Insurance lawyers weigh in on incoming Hong Kong intermediary regime

Agents, brokers, and insurers reminded to review the new regime and ensure compliance by September 23

Insurance lawyers weigh in on incoming Hong Kong intermediary regime

Insurance News

By Gabriel Olano

With Hong Kong’s Insurance Authority poised to take over regulation of insurance agents and brokers from the self-regulatory organisations on September 23, intermediaries and other related parties must take heed of the new regulatory regime.

In anticipation of the change, two insurance law experts, Tow Wu Lim and Jenny W. Y. Yu, partner and counsel, respectively, at international law firm Mayer Brown, have authored a legal update regarding the upcoming change.

According to the piece, under the new insurance intermediary regime anyone carrying out ‘regulated activities’ must be licensed. These regulated activities are broadly defined to include negotiating or arranging a contract of insurance, inviting or inducting a person to enter into a contract of insurance or to make a material decision, and giving regulated advice.

Furthermore, the new regime also contains statutory conduct requirements for insurance intermediaries under sections 90 and 91 of the Insurance Ordinance Cap. 41. The Insurance Authority has issued two codes of conduct for licensed insurance agents and insurance brokers, which lay out the fundamental principles of professional conduct and inform about and explain the statutory requirements, the update said. The fundamental principles intermediaries must abide by include honesty and integrity, exercising care, skill and diligence, disclosure of information, and conflicts of interest.

Such principles are consistent with the concept of fair treatment of customers enunciated by the International Association of Insurance Supervisors, the authors said.

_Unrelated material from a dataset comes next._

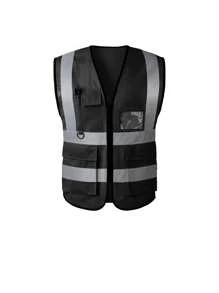 Reflective Vest High Visibility Blank XXXL Motorcycle Jacket Vest Fluorescent Signal For Men Woman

The update also tackled an issue discussed in the consultations for both codes of conduct, which was about ‘referral of businesses’. This refers to when a person refers a prospective client to an insurance agent or an insurance broker. According to Lim and Yu, the Insurance Authority has expressed that referrals are not entirely free from regulatory concerns and if the person making the referral is not licensed, then the person must not carry out any regulated activities.

“The Insurance Authority also expressed concerns about referral fees linked with referrals and that they must not in any way incentivise unlicensed persons to carry on regulated activities,” the update said. “Referrals may be an issue that requires further regulatory consideration.”

There will be a three-year transition period for existing intermediaries. Any existing insurance intermediaries that are registered with the self-regulatory organisations before September 23, will be deemed licensees throughout the transition period. Meanwhile, those with pending applications will have to file a new application with the Insurance Authority.

“Insurance agents and their appointing insurers and insurance brokers are reminded to review the new regime and the codes of conduct, and ensure that they are compliant when the new regime commences on September 23,” the update said.